- Directed by: Gilbert Pratt
- Produced by: Hal Roach
- Starring: Harold Lloyd
- Distributed by: Pathé Exchange
- Release date: April 21, 1918;
- Running time: 10 minutes
- Country: United States
- Languages: Silent English intertitles

= It's a Wild Life =

1918 film

It's a Wild Life is a 1918 American silent comedy short film featuring Harold Lloyd.

==Cast==
- Harold Lloyd
- Snub Pollard
- Bebe Daniels
- William Blaisdell
- Sammy Brooks
- Lige Conley
- Helen Gilmore
- Lew Harvey
- Bud Jamison
- Fred C. Newmeyer
- James Parrott
- Charles Stevenson

==Plot==
Harold attempts to court Bebe but he is turned away from Bebe's home by her mother who tells Harold that her daughter will only date a banker or a councilman.
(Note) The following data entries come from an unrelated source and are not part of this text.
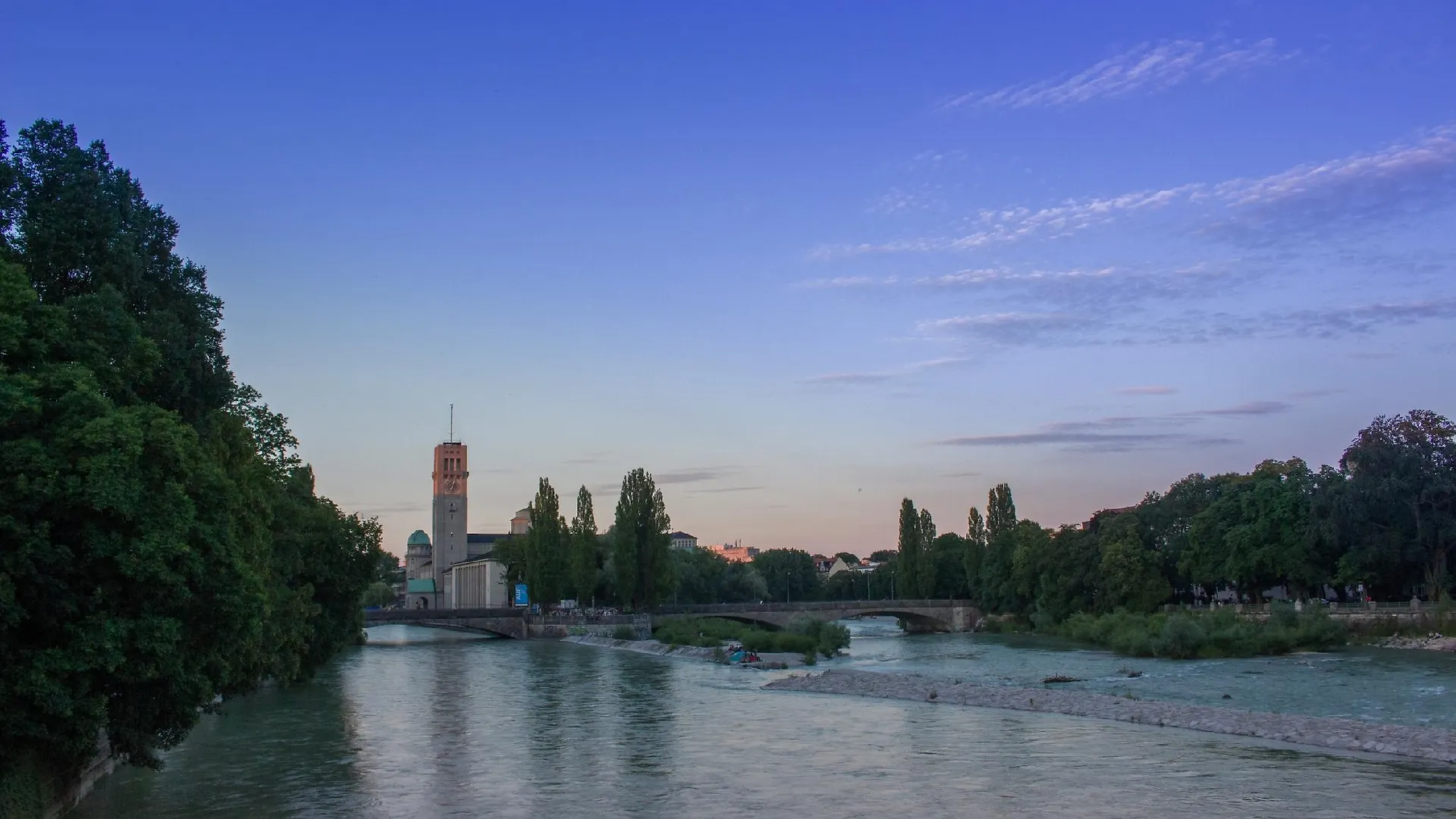 Super 8 By Wyndham Munich City West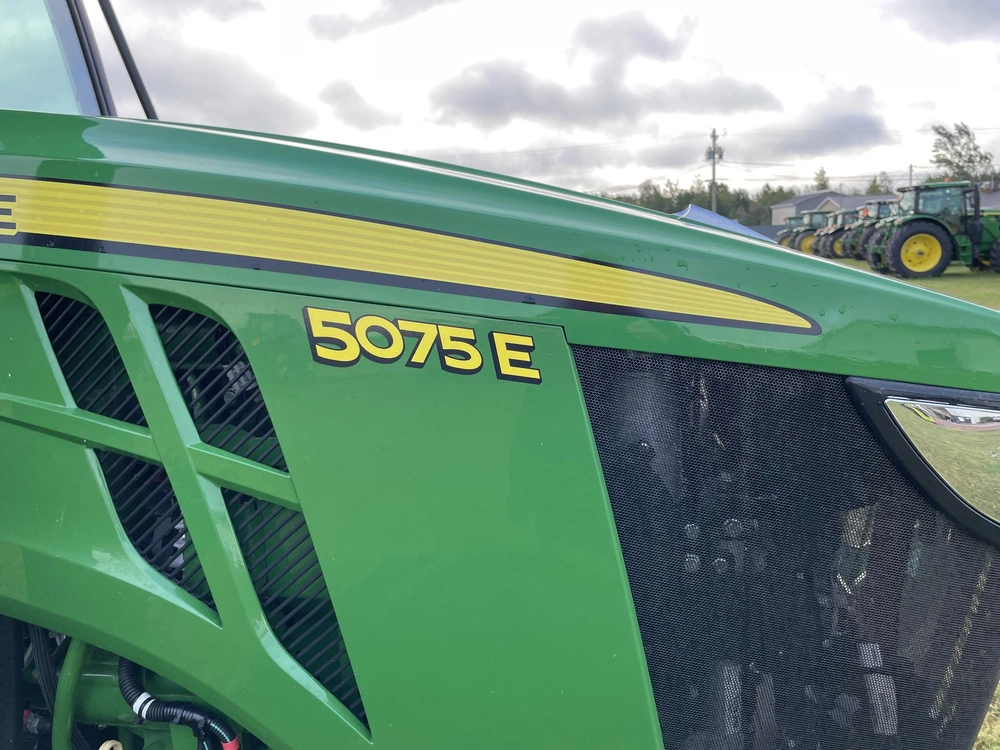 John Deere 5075e 2023 alt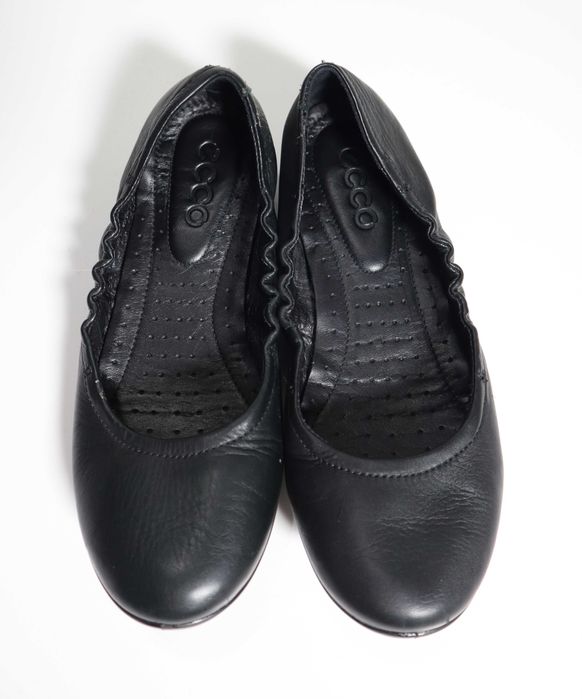 Balerini ECCO Anine din Piele Naturală – Mărimea 35 (21 cm)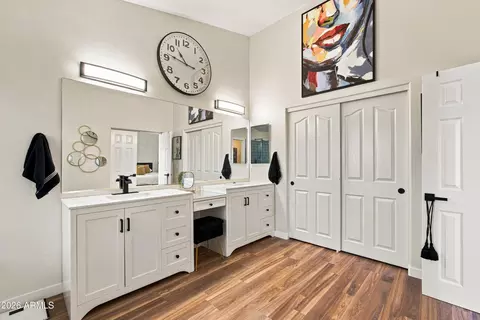 Bath - 4640 E Chisum Trl, Phoenix, AZ 85050 photo 2 of 4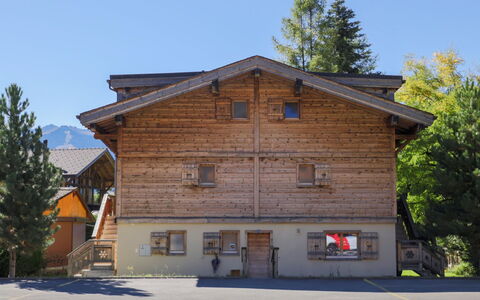 Chalet sans Soucis: Lucht, Venster, Gebouw, Boom, Hout, Huis, Verblijf, Helling, Deur, Siding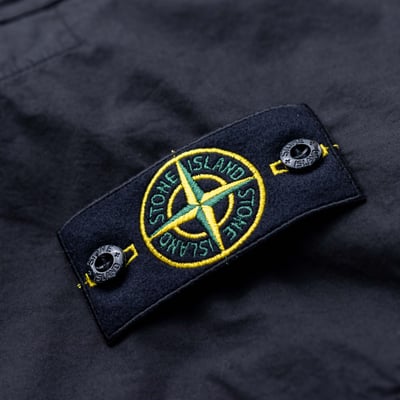 Stone Island 舒適版型工裝短褲 黑色6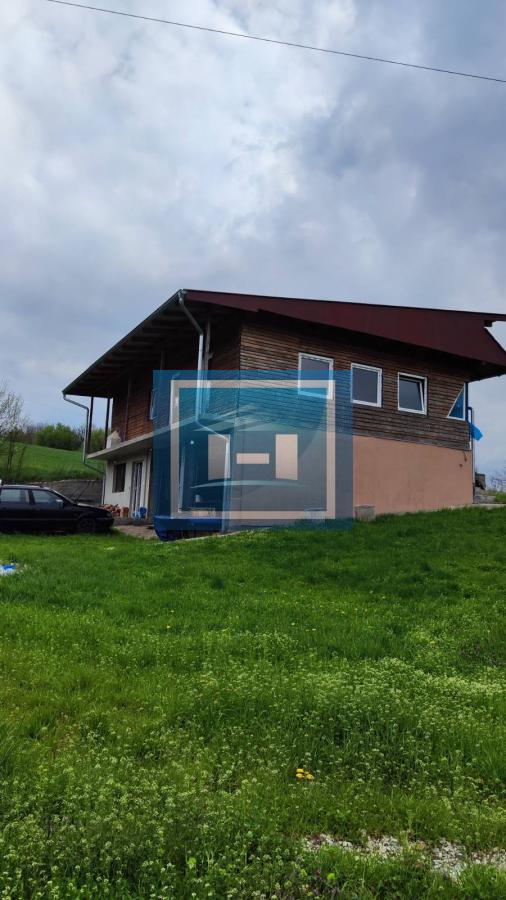 Kuća na parceli od 10 hektara zemlje u okolini Batočine 7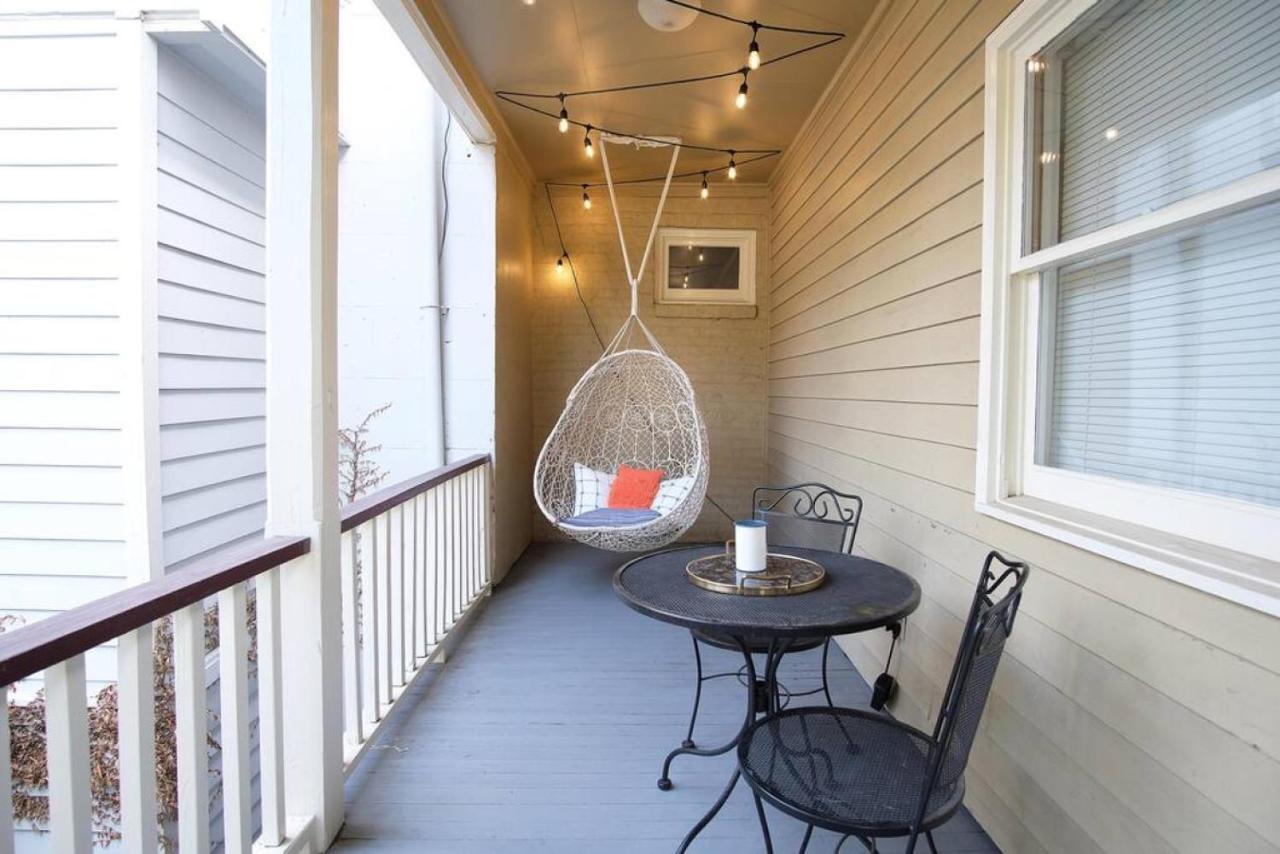 Chatham Carriage - Vintage Charm on Quiet Square - B&B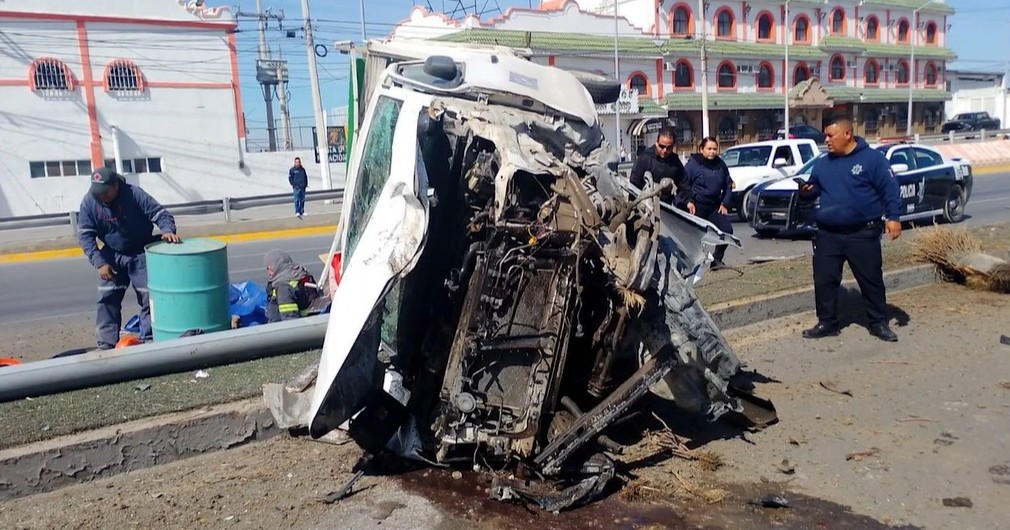 Aparatosa volcadura deja dos personas heridas en la Monterrey–Saltillo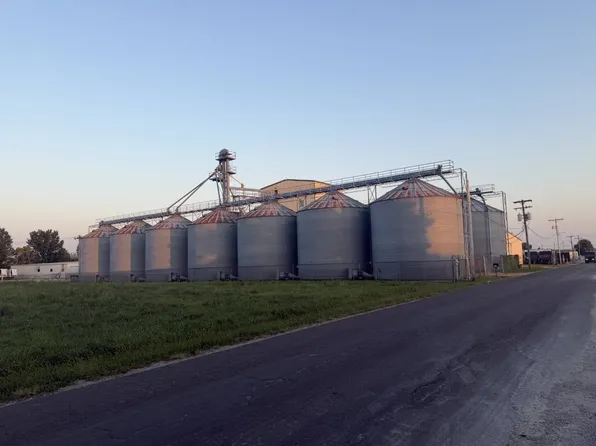 720 Harvester Rd, Chillicothe, MO 64601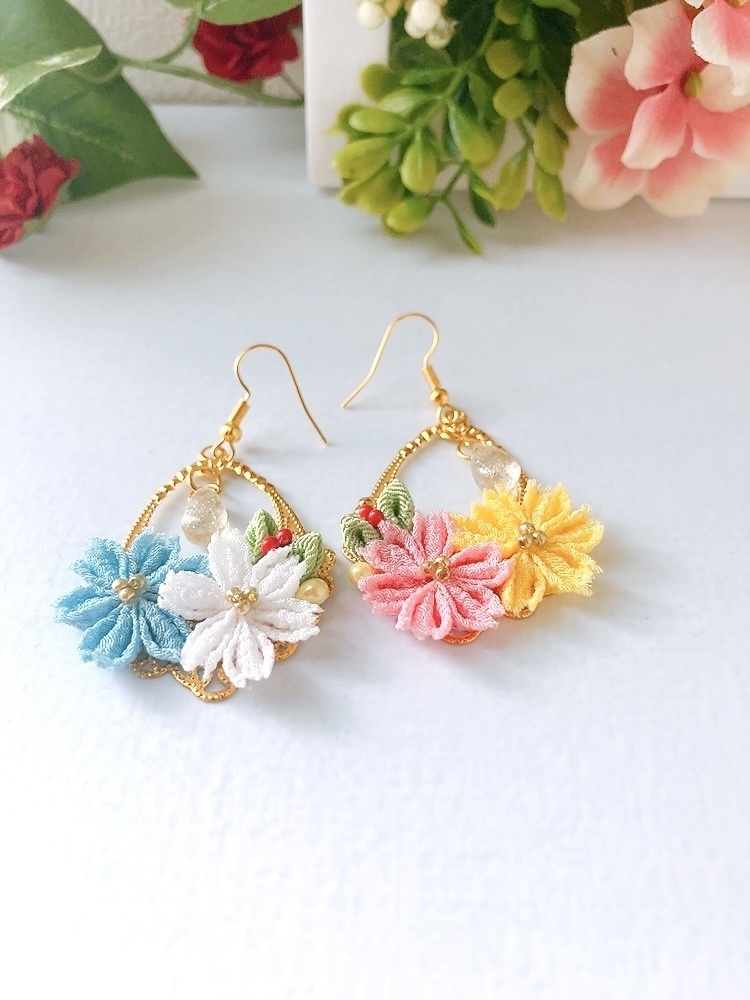 彩りコスモスの秋色つまみ細工ピアス イヤリング無料 ピアス イヤリング つまみ ハンドメイド 秋 プレゼント 秋桜 ゴールド 花 コスモス フラワー ビーズ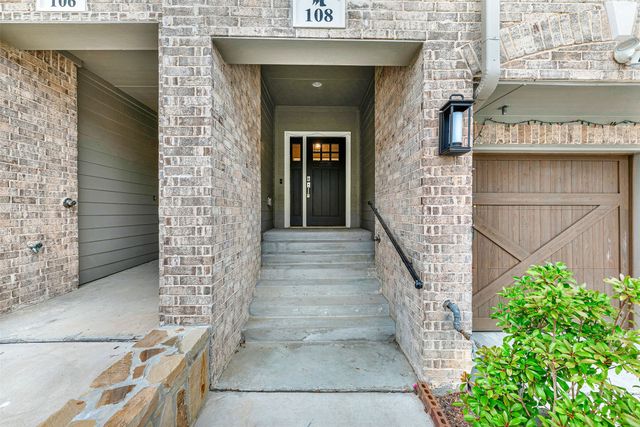 108 Canonbury Drive, Lewisville, TX 75067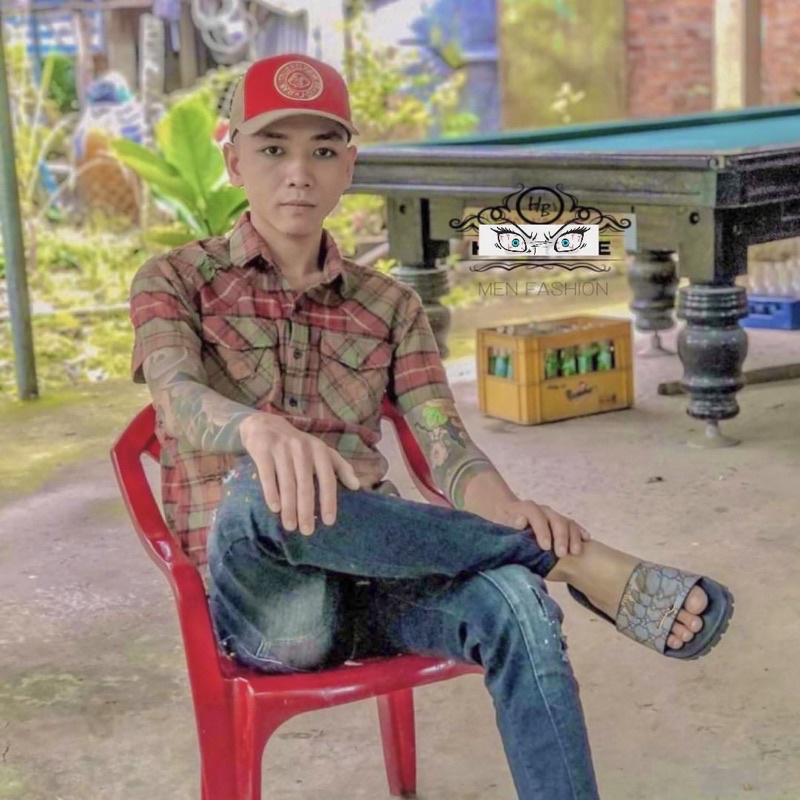 Áo sơ mi ngắn tay nam nữ bbr loang màu rách gấu kẻ sọc caro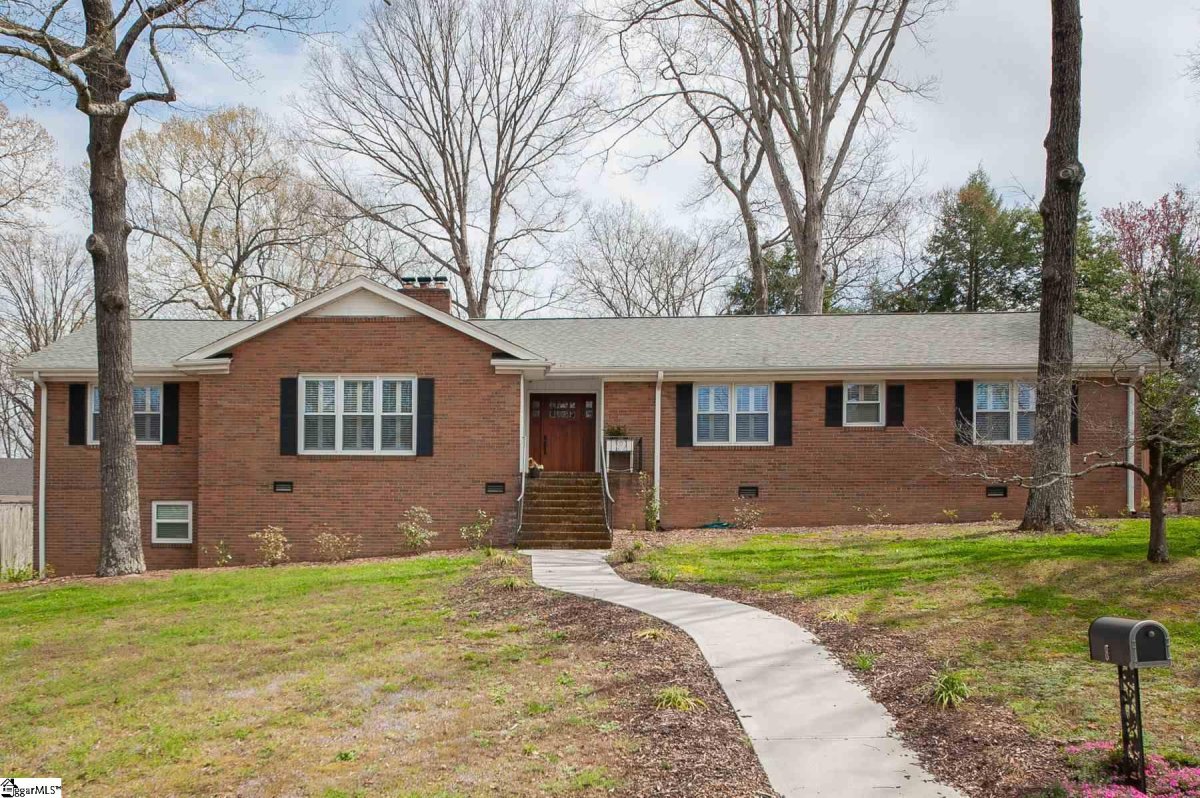 8 Indian Springs Drive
Bebe's father arranges for Snub to date his daughter as he fits the criteria for an acceptable suitor. Harold follows Bebe, Snub and Bebe's parents to a dance hall where Bebe is pleased to see him. Harold distracts the others long enough to have an energetic dance with Bebe. Harold then gets into an extended fight with both Snub and Bebe's father. Eventually all the dance hall patrons become involved in the fighting. The police are summoned. The dance hall manager eventually turns out the lights on the brawlers as the fight shows no signs of subsiding.

==Reception==
In a review on April 20, 1918, Motion Picture News, wrote that the film was "perhaps, Harold Lloyd’s funniest single reel comedy...It has a laugh in practically every scene, and there is a plentiful supply of good business...adding considerably thereby to the gaiety of nations."